November 9 A Day With Two Faces in Germany

Night of Broken Glass
The Night of Broken Glass was the start of the Holocaust in Germany.

Kristallnacht and the Berlin Wall November 9th

BERLIN – “9 November 1938 is synonymous with the darkest chapter in Germany’s history. The same day, 9 November, in 1989 was the happiest day in our recent history, stated Germany Chancellor Angela Merkel. The German government supports and promotes the commemoration of both – the anti-Jewish pogroms of the “Night of Broken Glass” and the fall of the Berlin Wall.

Night of Broken Glass
The Night of Broken Glass was the start of the Holocaust in Germany.

Speaking at an event to mark the 75th anniversary of the anti-Jewish pogrom, Chancellor Angela Merkel declared that this was one of the blackest days in German history. Unfortunately the developments in German history subsequently became even more dramatic with the Holocaust and the break with civilisation, she said in her video podcast. The 9 November 1938 reminds us, “that we must always be aware of our past so that we can shape the future responsibly”. 
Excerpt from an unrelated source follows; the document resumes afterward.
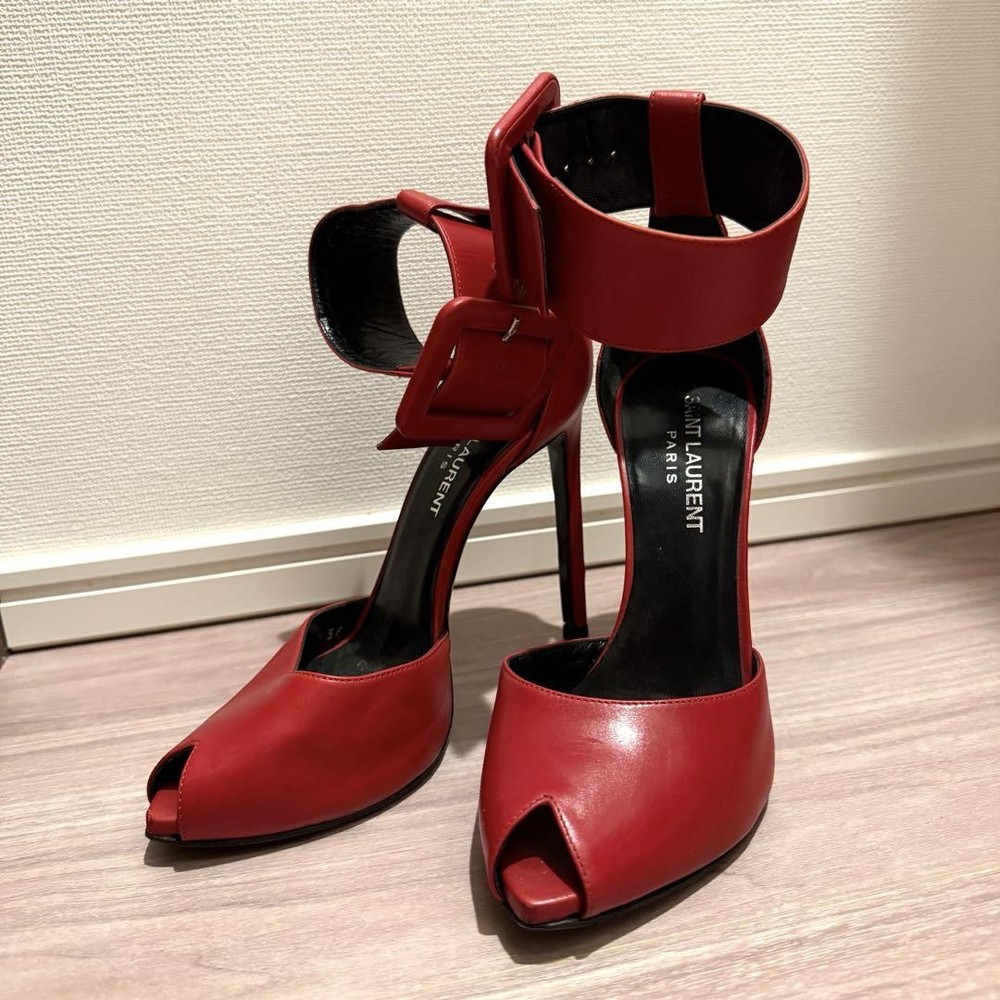 Saint Laurent Red Stiletto Pumps with 12cm Heels and Ankle Bells US6 Authentic From Japan RIN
The night was the start of the Holocaust, which only ended at the end of the Second World War with over six million Jewish men, women and children being murdered.

The fall of the Berlin Wall in 1989 is a far more pleasant anniversary.

Yet in 1989, the 9 November was a day of great joy and hope, declared the Chancellor. The fall of the Berlin Wall is proof that democracy and the rule of law can be achieved peacefully. “That gives us hope for the future,” said Angela Merkel.

Speaking at the Brandenburg Gate in Berlin the Federal Chancellor said, “The Brandenburg Gate, this gate that was closed for decades and has been open again since 1989, is for our whole country, for this city and also for me personally the symbol of our freedom. Sixty years ago it formed one of the backdrops to the uprising in the GDR. On 17 June 1953, about a million people all across the GDR plucked up the courage to speak out. They were protesting against the authoritarian control and mismanagement of the state and calling for civil rights and democracy. They called, “We want to be free”. Their plea was silenced by the arrival of Soviet tanks. Yet the desire for freedom lived on. And this desire ultimately won through in the autumn of 1989 as the oppressive regimes of the Eastern bloc collapsed one after the other culminating in the fall of the Berlin Wall on 9 November 1989. The images of the people rejoicing particularly here at the Brandenburg Gate were relayed around the world.

“The end of the division and the subsequent unity of our country were made possible because many people in the GDR took to the streets in peaceful protest in the autumn of 1989 calling “We are the people. We are one people.” They were made possible because statesmen like Federal Chancellor Helmut Kohl recognized the moment was historic”.